The trouble is that this attitude in society makes talking about the moral life very difficult. Modern society is not uninterested in what it calls “ethics”, by which I think it means analysing the good and bad aspects of any given moral question and trying to come up with an answer – either “yes, society will permit this,” or “no, that is not permissible in our society.” These are the kinds of questions we hear churned over again and again on Radio 4’s The Moral Maze. Euthanasia, abortion, admission of refugees, just war… Each of these can easily fill an episode.
But what the Church wants to talk about, when it can get a word in edgeways, is not so much situation ethics – although that has its place – but the wider matter of moral theology, of living the Christian life, and of the sum total of all situations seen through the eyes of God rather than man: “Good Master, what shall I do to inherit eternal life?” That question comes up in Luke 18, and the story in Luke 16 about Dives and Lazarus reminds us that the way we behave now has consequences for the life beyond this one, and comes with a reminder that the moral life doesn’t work by running up a credit balance with God. Living the moral life is no more than our duty.
The church historian Edward Norman, in his Anglican days, wrote a book called Secularisation: Sacred Values in a Godless World. He has some interesting things to say about the modern world’s push against moral theology, and the Church’s capitulation to secular values.

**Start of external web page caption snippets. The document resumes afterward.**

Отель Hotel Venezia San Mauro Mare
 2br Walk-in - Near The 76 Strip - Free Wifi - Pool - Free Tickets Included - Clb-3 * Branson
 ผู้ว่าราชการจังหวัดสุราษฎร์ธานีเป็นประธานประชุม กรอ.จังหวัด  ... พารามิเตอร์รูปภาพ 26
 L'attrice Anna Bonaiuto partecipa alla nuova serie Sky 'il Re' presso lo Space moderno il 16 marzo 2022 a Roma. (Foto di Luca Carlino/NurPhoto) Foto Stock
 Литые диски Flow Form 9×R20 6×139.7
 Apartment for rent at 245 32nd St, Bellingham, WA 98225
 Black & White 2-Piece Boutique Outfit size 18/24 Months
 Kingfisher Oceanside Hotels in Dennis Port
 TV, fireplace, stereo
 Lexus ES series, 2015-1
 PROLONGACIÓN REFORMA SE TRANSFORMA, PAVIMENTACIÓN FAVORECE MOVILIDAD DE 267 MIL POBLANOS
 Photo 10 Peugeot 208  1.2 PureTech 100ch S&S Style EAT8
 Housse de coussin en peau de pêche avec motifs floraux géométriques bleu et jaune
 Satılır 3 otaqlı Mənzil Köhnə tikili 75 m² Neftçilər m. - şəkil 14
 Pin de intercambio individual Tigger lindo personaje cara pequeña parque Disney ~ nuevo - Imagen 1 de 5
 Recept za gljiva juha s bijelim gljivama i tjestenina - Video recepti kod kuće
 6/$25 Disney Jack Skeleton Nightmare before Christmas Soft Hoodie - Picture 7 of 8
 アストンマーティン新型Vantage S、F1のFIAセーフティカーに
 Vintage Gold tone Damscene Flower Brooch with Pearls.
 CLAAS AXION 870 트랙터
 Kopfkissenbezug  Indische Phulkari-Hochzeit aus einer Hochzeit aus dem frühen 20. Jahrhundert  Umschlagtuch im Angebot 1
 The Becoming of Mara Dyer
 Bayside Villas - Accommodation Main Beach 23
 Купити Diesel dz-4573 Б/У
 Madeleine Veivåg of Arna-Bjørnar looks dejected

The Church, he says, has become anxious about appearing exclusive – both now and in the life to come – to such a degree that, “Stripped of the exact knowledge of revealed truth, and dependent for its content on natural truth, ‘liberal’ Christian understanding has no clear message to contrast with modern secular humanism.”
He’s right, isn’t he? The more liberal the Church becomes, the more it allows itself to be driven by secular values and trends. What was unthinkable fifty years ago becomes not only acceptable now, but somehow sacralised. Yet Christianity is not simply a virtually “open-ended exploration of human responses to intimations of a divine purpose in existence”. As Dr Norman says, when this reductionism is extended fully, “the only parts of Christianity which escape elimination are the ethicist parts. Then Christ is represented as a moral teacher, and the Christian religion as a nexus of human decencies expressed in the dated vocabulary of mysterious symbolism.”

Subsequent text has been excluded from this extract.